Verses must be read in their context. Psalm 110:1 tells us that this psalm was written by David. In it, David describes the actions of “the LORD,” which is how we render the Hebrew name of God, YHWH, into English. YHWH, or Yahweh, then speaks to “my lord” (Hebrew Adonai), telling this person, this Adonai, to sit at His right hand. This same person has a worldwide rule (Psalm 110:6) and is called “a priest forever, in the order of Melchizedek” (verse 4).
David says that Yahweh tells this king and priest whom David calls “my lord” to sit at His right hand. It is important to note that the Lord does not tell David to sit at His right hand; this place is reserved for another.
This person, who isn’t David, is someone whom David as king still considers “Adonai,” an address of honor for someone more notable than the speaker. Who, besides Yahweh, would be more notable than the king?
Jesus claims this title for Himself. The New Testament records Jesus’ references to this passage in multiple places (Matthew 22:44; Mark 12:35–37; Luke 20:42–43). In each passage, Jesus proves that the Messiah, the Christ, is David’s Lord and the One who will sit at Yahweh’s right hand.

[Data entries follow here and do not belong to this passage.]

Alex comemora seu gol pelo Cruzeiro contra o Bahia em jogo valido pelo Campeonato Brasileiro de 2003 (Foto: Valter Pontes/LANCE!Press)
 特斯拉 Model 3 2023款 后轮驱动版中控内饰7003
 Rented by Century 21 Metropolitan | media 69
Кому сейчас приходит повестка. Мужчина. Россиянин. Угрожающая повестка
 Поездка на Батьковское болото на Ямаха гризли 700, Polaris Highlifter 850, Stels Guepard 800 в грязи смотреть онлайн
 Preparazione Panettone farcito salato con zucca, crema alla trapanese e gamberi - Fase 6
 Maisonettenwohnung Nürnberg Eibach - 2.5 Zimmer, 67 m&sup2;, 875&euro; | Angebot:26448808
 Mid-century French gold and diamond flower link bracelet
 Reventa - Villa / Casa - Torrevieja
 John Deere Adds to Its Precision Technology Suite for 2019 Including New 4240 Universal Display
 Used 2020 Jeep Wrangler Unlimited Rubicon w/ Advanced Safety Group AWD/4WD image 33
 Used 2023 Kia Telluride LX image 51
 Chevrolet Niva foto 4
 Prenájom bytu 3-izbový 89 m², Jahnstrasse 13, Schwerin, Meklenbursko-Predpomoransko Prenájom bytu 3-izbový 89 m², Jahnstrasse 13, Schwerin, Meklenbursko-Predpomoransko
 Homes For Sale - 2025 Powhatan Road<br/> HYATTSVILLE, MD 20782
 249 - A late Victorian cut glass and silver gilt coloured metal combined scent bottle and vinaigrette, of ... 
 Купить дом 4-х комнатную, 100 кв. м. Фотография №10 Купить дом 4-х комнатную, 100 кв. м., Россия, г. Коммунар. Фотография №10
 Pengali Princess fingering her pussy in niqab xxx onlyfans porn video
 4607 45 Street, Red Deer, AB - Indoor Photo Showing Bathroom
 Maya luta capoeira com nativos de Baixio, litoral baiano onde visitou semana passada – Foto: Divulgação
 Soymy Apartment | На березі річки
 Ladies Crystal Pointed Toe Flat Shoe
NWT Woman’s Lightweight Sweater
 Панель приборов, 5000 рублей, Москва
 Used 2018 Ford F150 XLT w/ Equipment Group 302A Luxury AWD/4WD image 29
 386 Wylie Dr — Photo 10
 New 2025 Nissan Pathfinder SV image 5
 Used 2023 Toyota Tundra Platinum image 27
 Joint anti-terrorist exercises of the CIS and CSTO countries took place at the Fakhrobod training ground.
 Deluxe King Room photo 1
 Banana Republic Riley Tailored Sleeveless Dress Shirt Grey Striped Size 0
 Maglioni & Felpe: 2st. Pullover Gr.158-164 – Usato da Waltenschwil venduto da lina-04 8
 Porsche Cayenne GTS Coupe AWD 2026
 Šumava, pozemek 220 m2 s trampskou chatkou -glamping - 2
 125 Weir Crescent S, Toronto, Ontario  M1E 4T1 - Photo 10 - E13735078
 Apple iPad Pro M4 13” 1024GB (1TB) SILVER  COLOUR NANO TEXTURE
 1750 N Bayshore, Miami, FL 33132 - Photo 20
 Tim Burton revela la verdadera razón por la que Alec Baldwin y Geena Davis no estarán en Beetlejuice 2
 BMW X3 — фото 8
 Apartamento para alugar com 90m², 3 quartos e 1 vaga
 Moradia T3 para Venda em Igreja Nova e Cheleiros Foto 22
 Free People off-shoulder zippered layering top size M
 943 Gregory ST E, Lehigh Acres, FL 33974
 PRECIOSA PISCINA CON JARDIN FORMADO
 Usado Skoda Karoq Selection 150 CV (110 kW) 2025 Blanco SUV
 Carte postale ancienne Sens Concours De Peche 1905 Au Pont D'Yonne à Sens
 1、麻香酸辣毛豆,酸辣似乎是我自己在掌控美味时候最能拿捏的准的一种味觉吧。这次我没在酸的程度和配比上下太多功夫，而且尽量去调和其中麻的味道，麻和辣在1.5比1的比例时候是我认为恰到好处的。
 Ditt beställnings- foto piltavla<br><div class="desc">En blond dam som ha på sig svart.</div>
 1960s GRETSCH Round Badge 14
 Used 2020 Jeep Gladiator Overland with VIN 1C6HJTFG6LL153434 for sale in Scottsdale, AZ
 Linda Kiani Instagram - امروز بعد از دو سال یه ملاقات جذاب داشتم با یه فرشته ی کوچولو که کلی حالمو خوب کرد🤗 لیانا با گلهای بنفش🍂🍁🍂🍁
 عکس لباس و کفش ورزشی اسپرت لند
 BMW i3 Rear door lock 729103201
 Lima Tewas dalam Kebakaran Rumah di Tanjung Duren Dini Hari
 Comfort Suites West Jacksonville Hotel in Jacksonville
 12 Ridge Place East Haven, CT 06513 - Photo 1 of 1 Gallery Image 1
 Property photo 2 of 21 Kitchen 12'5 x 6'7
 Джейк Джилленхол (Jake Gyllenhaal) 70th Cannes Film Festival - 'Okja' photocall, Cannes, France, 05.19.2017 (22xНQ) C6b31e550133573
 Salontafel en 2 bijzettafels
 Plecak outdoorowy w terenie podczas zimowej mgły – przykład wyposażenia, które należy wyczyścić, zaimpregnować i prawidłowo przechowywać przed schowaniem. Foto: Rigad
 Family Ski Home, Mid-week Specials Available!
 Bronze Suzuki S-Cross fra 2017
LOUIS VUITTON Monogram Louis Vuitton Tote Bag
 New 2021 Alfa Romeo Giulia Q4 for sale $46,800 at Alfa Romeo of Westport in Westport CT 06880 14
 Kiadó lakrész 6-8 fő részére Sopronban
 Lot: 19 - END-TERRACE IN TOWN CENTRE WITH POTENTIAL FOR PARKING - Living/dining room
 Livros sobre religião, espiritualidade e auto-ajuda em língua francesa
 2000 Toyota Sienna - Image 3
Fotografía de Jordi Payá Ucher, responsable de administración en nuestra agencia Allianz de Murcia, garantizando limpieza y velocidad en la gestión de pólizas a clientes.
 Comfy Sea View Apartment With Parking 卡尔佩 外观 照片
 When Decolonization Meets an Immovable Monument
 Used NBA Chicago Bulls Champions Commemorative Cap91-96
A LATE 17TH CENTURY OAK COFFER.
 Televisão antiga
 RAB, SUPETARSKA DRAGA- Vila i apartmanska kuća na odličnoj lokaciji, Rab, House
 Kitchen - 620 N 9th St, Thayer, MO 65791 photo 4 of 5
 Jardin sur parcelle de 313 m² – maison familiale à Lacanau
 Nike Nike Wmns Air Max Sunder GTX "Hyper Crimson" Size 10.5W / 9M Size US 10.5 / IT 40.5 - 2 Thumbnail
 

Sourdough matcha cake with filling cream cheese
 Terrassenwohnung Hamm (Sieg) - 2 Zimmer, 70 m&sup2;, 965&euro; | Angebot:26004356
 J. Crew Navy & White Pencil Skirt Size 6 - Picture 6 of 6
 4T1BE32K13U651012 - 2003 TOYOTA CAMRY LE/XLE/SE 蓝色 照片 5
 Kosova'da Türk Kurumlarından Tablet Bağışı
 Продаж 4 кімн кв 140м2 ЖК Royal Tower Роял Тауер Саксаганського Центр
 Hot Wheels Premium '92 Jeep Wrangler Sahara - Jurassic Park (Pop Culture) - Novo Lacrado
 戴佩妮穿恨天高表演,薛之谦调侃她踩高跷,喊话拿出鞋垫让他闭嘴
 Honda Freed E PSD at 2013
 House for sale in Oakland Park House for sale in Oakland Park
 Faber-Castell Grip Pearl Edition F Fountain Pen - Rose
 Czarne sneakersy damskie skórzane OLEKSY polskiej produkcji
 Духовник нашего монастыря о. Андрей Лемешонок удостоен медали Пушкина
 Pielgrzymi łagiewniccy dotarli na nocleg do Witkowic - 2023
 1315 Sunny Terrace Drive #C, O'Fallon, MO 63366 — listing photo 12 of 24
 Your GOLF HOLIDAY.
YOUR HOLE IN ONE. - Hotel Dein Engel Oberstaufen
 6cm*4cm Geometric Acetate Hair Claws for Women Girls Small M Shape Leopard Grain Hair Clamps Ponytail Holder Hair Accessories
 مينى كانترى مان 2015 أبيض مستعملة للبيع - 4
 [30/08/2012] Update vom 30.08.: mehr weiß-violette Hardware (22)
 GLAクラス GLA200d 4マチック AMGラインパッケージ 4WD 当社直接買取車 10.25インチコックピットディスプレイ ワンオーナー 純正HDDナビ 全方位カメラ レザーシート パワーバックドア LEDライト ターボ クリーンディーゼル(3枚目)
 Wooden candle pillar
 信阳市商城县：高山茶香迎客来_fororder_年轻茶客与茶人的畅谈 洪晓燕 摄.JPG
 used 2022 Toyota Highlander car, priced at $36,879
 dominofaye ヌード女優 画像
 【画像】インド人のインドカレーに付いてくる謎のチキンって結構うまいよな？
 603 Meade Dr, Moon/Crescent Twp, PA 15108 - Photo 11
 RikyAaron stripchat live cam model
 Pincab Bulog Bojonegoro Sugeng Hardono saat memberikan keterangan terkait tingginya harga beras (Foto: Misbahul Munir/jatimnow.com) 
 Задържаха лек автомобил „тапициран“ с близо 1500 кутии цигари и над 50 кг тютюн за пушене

The Lord God Almighty, then, will put all of Jesus’ enemies under Jesus’ feet. Hebrews 1, while establishing Jesus’ superiority over the angels, says, “To which of the angels did God ever say, ‘Sit at my right hand until I make your enemies a footstool for your feet’?” (Hebrews 1:13).
Psalm 110 predicts the victory of Jesus Christ over all His enemies and the glory He will receive. The apostle John caught a glimpse of this victory, and he wrote, “Then I saw heaven standing open, and there before me was a white horse. And its rider is called Faithful and True. With righteousness He judges and wages war. He has eyes like blazing fire, and many royal crowns on His head. . . . He is dressed in a robe dipped in blood, and His name is The Word of God. . . . And from His mouth proceeds a sharp sword with which to strike down the nations, and He will rule them with an iron scepter. He treads the winepress of the fury of the wrath of God the Almighty” (Revelation 19:11–15). Any victory we attain and any glory we share will be the result of our being in Christ.
Since the promise of Psalm 110 is not for us, we must look at how we as believers are to relate to our enemies:
In Luke 6:27–28, Jesus says, “Love your enemies, do good to those who hate you, bless those who curse you, pray for those who mistreat you.”
Romans 12:19 adds, “Do not take revenge, my dear friends, but leave room for God’s wrath, for it is written: ‘It is mine to avenge; I will repay,’ says the Lord.”
We are promised to overcome, by faith (1 John 5:4). The punishment of our enemies will come in God’s time and in God’s way. Anyone who sins is ultimately sinning against God, and the enemies of God will be placed under the feet of Jesus.
The sons of Korah knew where their victory came from:
“You are my King and my God,
who decrees victories for Jacob.
Through you we push back our enemies;
through your name we trample our foes.
I put no trust in my bow,
my sword does not bring me victory;
but you give us victory over our enemies,
you put our adversaries to shame.
In God we make our boast all day long,
and we will praise your name forever” (Psalm 44:4–6).